Femmes autochtones assassinées: l’impossible mandat
La commission d’enquête sur les femmes autochtones court au désastre. C’est une question de perception, de mandat trop large et d’attentes impossibles à satisfaire.
L'Enquête nationale sur les femmes et les filles autochtones disparues et assassinées (ENFFADA) a échappé au désaveu total, vendredi, lors du congrès de l’Assemblée des Premières Nations (APN). Une motion réclamant le renvoi de tous les commissaires a été battue. La commissaire Michèle Audette a promis d’améliorer les communications et la transparence afin de regagner la confiance des familles marquées par la disparition de leurs proches. « On doit expliquer ce qu’on fait, où on s’en va, les gens n’ont aucune idée », a-t-elle dit. C’est toujours la même histoire.
En mai, l’Enquête essuyait de vives critiques au sein des communautés autochtones en raison de lacunes dans la communication. Le chef de l’APN, Perry Bellegarde, avait alors pressé les responsables de l’Enquête « d’adopter une approche centrée sur les familles » afin de rebâtir avec elles un lien de confiance déjà très fragile.
La commissaire en chef, la juge Marion Buller, avait aussitôt promis, on l’aura deviné, d’améliorer les communications sur la nature de son mandat. Il s’agissait de voeux pieux, comme en témoigne l’accumulation des déboires.
Depuis février, l’Enquête nationale a encaissé cinq démissions, dont celles de la directrice générale Michèle Moreau et de la commissaire Maryline Poitras. La professeure métisse a critiqué le modèle « traditionnel » de l’enquête nationale, avec audiences, témoignages et production d’un rapport final. Cette approche, qualifiée de « coloniale » par Mme Poitras, ne permettra pas de découvrir les racines de la violence systémique qui s’abat sur les femmes et les filles autochtones.
La stratégie de communication est le moindre des problèmes de l’ENFFADA. L’Enquête suscite de la méfiance parce qu’elle épouse les contours d’un système de justice qui a historiquement mal servi les autochtones. Une enquête menée dans le respect des traditions coutumières des Premières Nations, avec des rencontres dans les communautés touchées, aurait suscité moins de méfiance.
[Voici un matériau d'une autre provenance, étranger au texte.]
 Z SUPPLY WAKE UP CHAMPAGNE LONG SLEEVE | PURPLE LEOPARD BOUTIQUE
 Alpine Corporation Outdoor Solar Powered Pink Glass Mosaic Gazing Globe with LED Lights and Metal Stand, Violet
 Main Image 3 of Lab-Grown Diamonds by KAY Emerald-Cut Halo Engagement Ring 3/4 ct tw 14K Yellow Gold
Cette commission, réclamée depuis une quarantaine d’années, est nécessaire, mais elle a été mal dessinée par le gouvernement Trudeau. Dotée d’un budget de 54 millions, elle dispose de deux ans pour produire un rapport final attendu au plus tard à la fin 2018. L’ENFFADA consacre présentement ses énergies à préparer les audiences de l’automne et à demander une prolongation de mandat. Les travaux portent sur l’assassinat ou la disparition de milliers de femmes et de filles autochtones et ils couvrent les services policiers du fédéral, des dix provinces et des trois territoires.
Un défi impossible à relever, d’autant plus que les attentes des familles sont démesurées. Celles-ci espèrent obtenir justice, un sentiment tout à fait compréhensible. La disparité de traitement des plaintes des autochtones par les forces policières et le système judiciaire est choquante. Bousculées, bafouées dans leurs droits et laissées pour compte, les familles endeuillées souhaitent que les policiers ayant abdiqué leurs responsabilités à leur égard connaissent l’heure du jugement.
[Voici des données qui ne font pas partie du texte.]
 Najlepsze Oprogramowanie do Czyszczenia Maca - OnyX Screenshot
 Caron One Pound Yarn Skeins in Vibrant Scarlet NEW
Ce n’est pas le propre d’une commission d’enquête de désigner des coupables ni d’élucider l’ensemble des dossiers de meurtre et de disparition classés sans suite. À partir de cas choisis, l’Enquête devra déterminer les causes systémiques de la violence faite aux femmes et aux filles autochtones et formuler des recommandations qui prépareront l’avenir, à défaut de réparer les torts du passé. Or, l’impunité est l’un des rouages du cycle de violence.
Pour préserver ce qui lui reste de crédibilité, l’ENFFADA doit suivre la voie tracée par l’Assemblée des Premières Nations et s’attarder sérieusement au racisme, aux préjugés et au professionnalisme des forces policières.
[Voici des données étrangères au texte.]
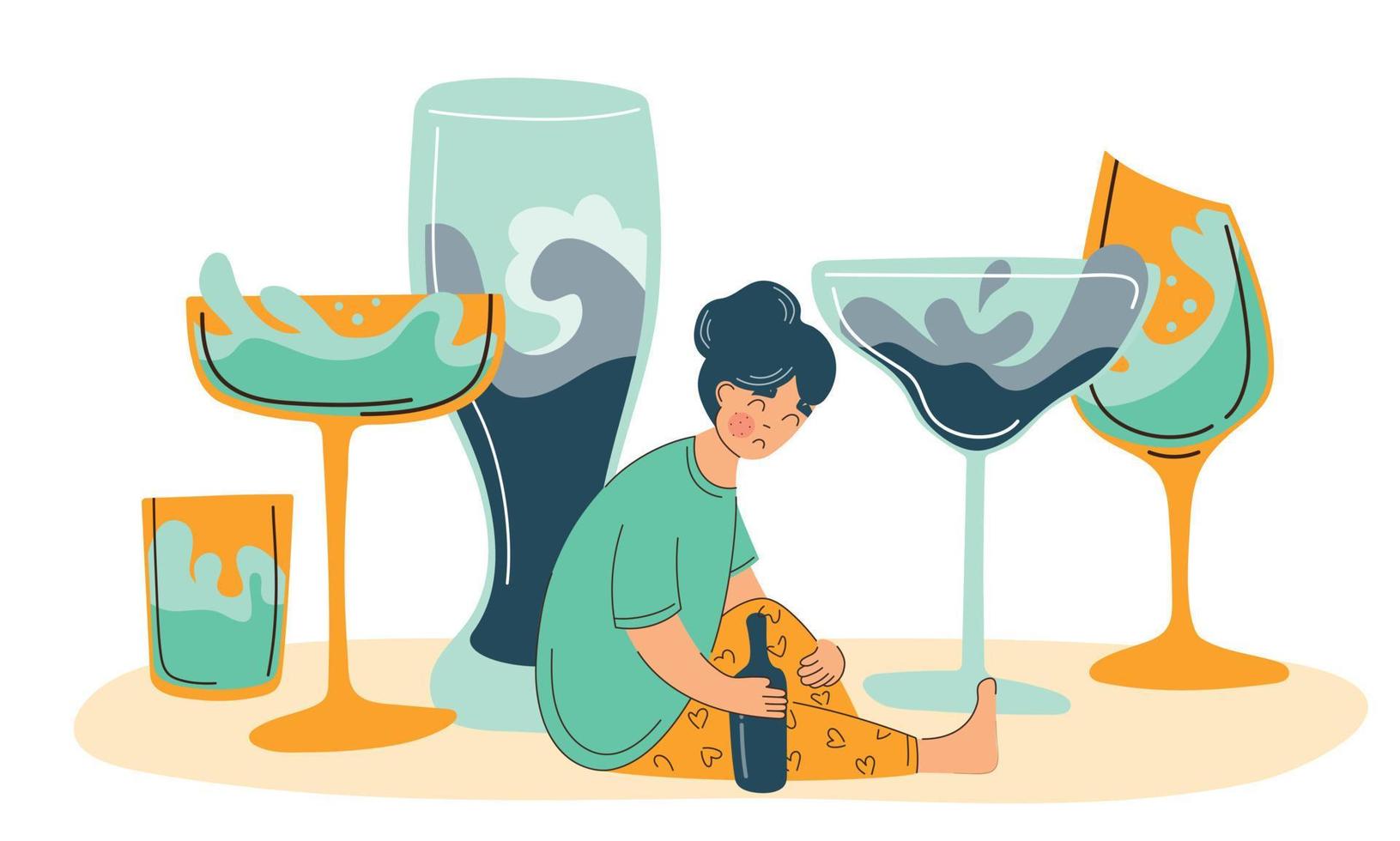 Alcohol abuse and depression problem of female. Woman alcoholism social problem. vector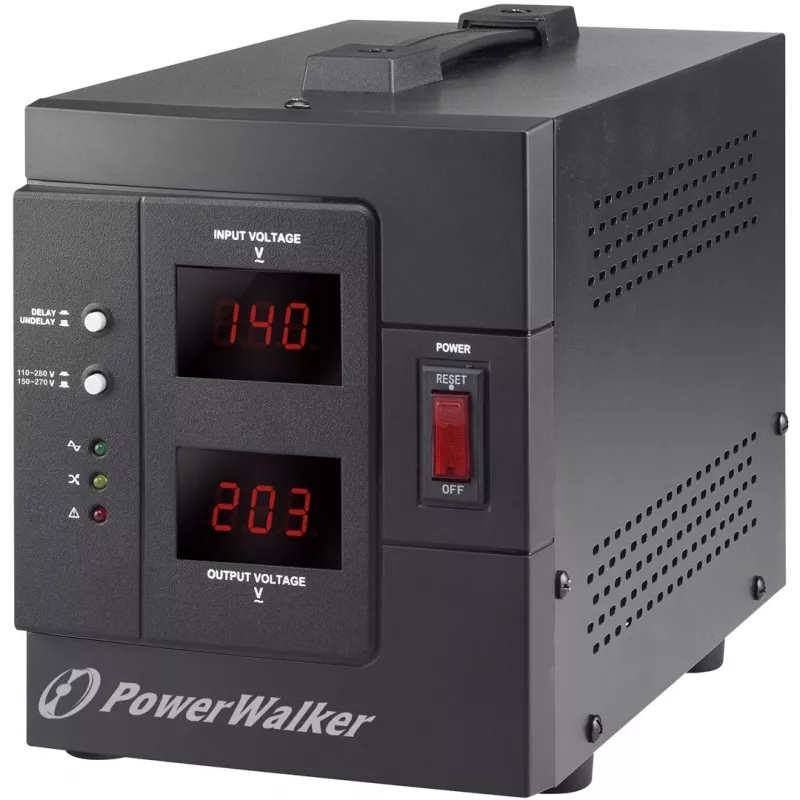 PowerWalker AVR 2000 SIV FR regulador de tensión 2 salidas AC 110 - 280 V negro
Les chefs dissidents, qui souhaitent encore la démission en bloc des commissaires de l’ENFFADA, doivent aussi comprendre que leur intransigeance ne mènera nulle part. Il est beaucoup trop tard pour reprendre à zéro des travaux qui ont à peine commencé. Ce laxisme est dû en partie aux dynamiques internes au sein de l’Enquête, et en partie à la complexité du mandat. L’Enquête ne sera pas parfaite, mais elle doit se poursuivre.